Parallel Python Community Forums

Python Forums => Parallel Python Forum => Topic started by: kfrancoi on December 17, 2008, 02:18:32 AM



Title: pp and SQLAlchemy
Post by: kfrancoi on December 17, 2008, 02:18:32 AM
Hello everyone,

First, I would like to thanks people that have been working on pp module because it only take 5 minutes to get started and it seems to work perfectly well !

I'm trying to use pp to call some simple popen() command, retrieve the result and populate my database with it (using sqlalchemy).  Assuming my command has different parameters, it seems to be easily parallelised ! 

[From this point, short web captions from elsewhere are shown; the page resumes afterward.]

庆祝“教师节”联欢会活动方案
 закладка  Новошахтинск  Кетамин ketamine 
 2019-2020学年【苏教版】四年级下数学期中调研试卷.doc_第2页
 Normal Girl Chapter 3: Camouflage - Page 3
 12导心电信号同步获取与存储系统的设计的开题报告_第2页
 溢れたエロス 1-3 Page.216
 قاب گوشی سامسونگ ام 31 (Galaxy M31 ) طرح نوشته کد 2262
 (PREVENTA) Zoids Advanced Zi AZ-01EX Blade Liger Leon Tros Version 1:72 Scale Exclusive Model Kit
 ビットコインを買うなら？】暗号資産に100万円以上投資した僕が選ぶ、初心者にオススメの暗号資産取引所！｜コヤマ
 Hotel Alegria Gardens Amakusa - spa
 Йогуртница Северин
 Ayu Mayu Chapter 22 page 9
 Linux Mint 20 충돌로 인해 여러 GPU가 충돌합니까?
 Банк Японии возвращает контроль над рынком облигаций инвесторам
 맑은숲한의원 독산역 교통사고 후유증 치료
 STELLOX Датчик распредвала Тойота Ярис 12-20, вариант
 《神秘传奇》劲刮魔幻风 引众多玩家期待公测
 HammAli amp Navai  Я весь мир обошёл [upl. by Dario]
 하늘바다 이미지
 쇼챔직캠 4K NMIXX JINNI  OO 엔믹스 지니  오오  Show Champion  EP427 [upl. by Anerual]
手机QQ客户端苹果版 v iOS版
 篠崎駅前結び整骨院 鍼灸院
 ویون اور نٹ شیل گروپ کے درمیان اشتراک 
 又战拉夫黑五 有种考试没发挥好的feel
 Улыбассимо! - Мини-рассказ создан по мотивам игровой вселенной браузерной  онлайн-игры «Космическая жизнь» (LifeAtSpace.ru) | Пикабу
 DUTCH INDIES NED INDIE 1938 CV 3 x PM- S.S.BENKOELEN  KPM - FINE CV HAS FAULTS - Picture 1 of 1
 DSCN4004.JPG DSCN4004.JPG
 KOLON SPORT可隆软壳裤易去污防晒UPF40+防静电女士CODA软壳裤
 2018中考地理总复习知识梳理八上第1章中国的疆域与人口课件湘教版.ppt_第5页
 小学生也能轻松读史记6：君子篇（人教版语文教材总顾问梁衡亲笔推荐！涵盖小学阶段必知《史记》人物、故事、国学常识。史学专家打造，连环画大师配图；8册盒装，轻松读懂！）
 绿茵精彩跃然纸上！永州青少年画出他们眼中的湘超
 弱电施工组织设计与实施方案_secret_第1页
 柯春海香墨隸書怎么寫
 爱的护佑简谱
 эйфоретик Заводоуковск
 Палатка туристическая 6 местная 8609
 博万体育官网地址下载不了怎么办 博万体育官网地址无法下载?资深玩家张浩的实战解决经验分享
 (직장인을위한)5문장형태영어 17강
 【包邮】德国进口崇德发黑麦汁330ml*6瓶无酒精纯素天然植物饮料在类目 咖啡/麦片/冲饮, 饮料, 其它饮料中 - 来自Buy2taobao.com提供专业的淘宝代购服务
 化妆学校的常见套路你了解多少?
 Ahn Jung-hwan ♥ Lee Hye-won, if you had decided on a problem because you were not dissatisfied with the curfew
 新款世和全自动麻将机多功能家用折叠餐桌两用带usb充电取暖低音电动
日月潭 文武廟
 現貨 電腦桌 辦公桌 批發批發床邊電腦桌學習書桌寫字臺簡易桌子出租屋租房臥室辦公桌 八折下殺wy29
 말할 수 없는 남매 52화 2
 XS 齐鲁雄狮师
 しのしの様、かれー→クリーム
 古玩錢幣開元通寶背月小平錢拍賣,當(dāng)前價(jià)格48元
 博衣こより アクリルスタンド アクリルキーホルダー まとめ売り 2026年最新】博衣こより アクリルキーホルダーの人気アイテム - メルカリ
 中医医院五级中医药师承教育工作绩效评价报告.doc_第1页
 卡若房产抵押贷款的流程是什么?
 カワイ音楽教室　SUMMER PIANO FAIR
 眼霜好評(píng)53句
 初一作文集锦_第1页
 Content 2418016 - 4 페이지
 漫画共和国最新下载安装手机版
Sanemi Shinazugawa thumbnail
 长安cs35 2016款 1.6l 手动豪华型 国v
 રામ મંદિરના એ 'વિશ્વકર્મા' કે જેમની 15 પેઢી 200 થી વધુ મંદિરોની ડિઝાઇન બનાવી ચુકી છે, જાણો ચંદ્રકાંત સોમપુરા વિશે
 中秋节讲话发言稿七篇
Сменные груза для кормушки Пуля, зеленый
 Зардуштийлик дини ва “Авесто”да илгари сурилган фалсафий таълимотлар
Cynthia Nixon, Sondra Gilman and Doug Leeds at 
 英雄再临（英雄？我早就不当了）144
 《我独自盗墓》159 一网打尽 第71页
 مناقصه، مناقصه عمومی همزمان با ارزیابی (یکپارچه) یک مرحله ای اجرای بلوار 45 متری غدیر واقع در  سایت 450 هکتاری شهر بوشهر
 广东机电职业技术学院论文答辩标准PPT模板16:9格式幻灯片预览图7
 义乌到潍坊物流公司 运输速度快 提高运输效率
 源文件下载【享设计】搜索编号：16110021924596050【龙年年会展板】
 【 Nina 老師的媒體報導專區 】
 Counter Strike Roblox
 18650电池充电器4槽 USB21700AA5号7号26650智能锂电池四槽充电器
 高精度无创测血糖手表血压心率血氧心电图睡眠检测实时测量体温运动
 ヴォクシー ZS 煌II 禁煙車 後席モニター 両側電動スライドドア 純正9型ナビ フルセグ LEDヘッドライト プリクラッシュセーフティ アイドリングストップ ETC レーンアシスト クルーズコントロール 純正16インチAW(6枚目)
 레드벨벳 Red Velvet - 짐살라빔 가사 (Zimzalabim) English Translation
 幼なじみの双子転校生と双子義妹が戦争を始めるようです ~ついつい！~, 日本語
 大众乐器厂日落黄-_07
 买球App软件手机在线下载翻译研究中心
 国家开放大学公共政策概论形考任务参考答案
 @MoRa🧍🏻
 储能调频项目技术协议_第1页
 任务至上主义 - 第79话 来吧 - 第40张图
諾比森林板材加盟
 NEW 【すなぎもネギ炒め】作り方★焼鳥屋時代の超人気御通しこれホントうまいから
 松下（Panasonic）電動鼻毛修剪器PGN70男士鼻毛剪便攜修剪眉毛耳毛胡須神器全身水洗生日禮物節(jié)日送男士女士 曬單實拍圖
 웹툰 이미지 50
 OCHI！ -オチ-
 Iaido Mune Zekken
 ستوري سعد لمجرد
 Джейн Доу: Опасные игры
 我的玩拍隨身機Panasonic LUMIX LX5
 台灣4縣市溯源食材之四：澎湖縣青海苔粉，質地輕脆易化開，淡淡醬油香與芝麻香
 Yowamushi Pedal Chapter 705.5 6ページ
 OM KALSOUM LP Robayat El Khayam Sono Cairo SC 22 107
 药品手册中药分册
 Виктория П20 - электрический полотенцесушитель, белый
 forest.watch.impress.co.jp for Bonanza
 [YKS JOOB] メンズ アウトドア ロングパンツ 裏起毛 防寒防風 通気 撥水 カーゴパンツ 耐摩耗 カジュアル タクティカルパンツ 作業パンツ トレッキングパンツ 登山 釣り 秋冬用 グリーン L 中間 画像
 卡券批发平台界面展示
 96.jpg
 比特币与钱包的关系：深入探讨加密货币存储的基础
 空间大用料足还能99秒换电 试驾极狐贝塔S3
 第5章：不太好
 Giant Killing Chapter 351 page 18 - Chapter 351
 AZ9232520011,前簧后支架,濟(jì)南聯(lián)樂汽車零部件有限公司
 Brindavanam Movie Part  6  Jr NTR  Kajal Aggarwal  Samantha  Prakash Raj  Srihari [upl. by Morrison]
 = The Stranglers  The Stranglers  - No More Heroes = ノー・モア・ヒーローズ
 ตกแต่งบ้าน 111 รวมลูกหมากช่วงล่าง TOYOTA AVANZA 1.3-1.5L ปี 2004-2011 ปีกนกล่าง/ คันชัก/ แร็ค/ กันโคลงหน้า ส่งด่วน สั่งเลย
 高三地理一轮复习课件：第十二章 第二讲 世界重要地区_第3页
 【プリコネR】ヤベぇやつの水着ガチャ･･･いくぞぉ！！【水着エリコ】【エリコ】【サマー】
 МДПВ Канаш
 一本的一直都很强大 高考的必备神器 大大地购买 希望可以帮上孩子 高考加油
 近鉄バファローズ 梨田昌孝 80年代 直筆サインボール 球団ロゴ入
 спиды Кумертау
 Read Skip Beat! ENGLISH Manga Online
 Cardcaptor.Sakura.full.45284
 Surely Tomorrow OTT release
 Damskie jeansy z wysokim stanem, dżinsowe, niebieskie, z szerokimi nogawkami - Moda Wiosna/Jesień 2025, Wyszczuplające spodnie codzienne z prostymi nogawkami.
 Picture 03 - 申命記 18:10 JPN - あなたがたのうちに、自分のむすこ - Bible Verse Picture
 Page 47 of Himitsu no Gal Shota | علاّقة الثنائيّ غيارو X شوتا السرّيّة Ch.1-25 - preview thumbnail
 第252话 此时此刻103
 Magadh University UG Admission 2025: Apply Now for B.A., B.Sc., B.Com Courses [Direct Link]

So here is the test code that represent my problem:
Code:
import os
import sys
import pp
import time
from sqlalchemy import create_engine
from elixir import *

metadata.bind = "sqlite:///test_pp.db"
metadata.bind.echo = False

class data(Entity):

myString = Field(String(20))
def __init__(self, myString):
self.myString = myString

def cmdLaunch(letter):

metadata.bind = "sqlite:///test_pp.db"
metadata.bind.echo = False
setup_all()
print 'Hello World'

d = data(letter)
session.add(d)
session.commit()

def main():

setup_all()
create_all()
#Tuple of all parrallel python servers to connect with
ppservers = ()
#Create jobserver with automatically detected number of workers
job_server = pp.Server(ppservers=ppservers)
print "Starting pp risland with", job_server.get_ncpus(), "workers"

start_time = time.time()

for letter in ['A','B','C','D','E','F','G','H']:
#cmdLaunch(letter) #This is OK
job_server.submit(cmdLaunch,(letter,), (data,), ("os","elixir.session", "elixir.metadata", "elixir.setup_all",)) #This is not

print 'Done.'
print "Time elapsed: ", time.time() - start_time, "s"
job_server.print_stats()

main()

By calling "cmdLaunch() outside pp, it work fine. But when I try to call via pp, it just doesn't seem to do anything.  There is also no error!

Does anyone have already use pp and sqlalchemy together ?

Thank you very much

Kevin


Title: Re: pp and popen()
Post by: kfrancoi on December 19, 2008, 07:01:45 AM
The question of SQLAlchemy seems to be OK for me now.  I just used the Elixir module in a bad way.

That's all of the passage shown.